# fishing for compliments



## rkunsaw (Jun 11, 2020)

My daughter is constantly doing this on facebook. She gets them too. Why do people do this?

Today her post went like this: 

YOU MAY NOT ALWAYS BE THE PRETTIEST GIRL IN THE ROOM BUT YOU CAN BE THE KINDEST
GIRL IN THE ROOM. AND THAT'S OK BECAUSE HAVING A PRETTY HEART IS FAR BETTER THAN 
HAVING A PRETTY FACE.

As expected everyone who replied said something about her having both.  And her answer to each one was something like
 awww it's so sweet of you to say that.


----------



## RadishRose (Jun 11, 2020)

Is she having a hard time with her self confidence?


----------



## rkunsaw (Jun 11, 2020)

RadishRose said:


> Is she having a hard time with her self confidence?


I dunno. It sure seems that way.

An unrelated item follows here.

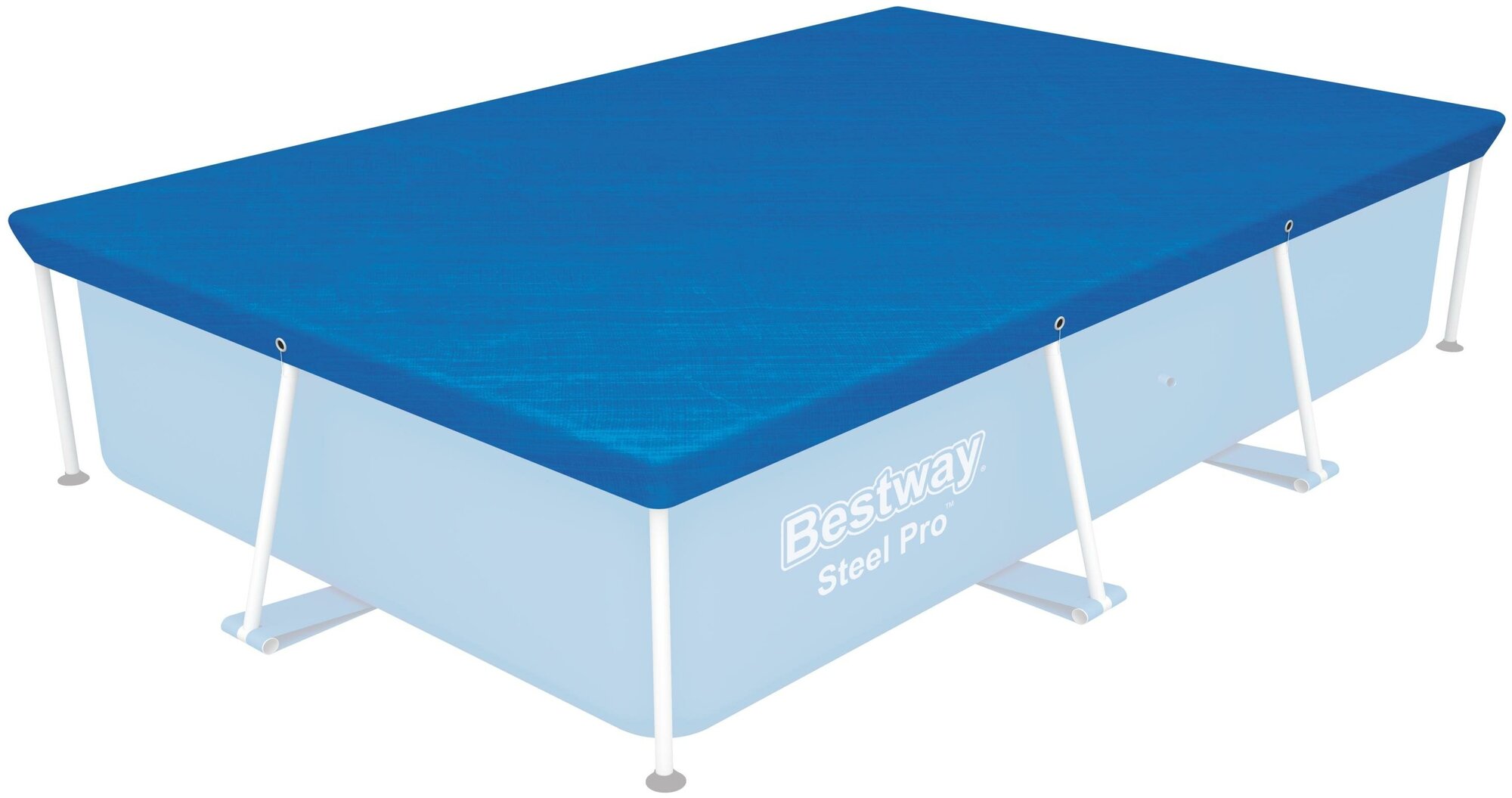 BESTWAY Тент для прямоугольных каркасных бассейнов 259 х 170 см 58105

I just put three of these  in the comments.


----------



## win231 (Jun 11, 2020)

Well, maybe she's not "Fishing for compliments."  Maybe she's just speaking her mind.
Sometimes, I'll post something similar & once in a while, someone (who's not a nice person) will accuse me of "Trying to be a hero."
Such people often wish they were more like the person they criticize.


----------



## MarciKS (Jun 11, 2020)

rkunsaw said:


> I dunno. It sure seems tat way. I just put three of these  in te comments.


Maybe someone said something to her that made her feel bad about herself.


----------



## rkunsaw (Jun 12, 2020)

MarciKS said:


> Maybe someone said something to her that made her feel bad about herself.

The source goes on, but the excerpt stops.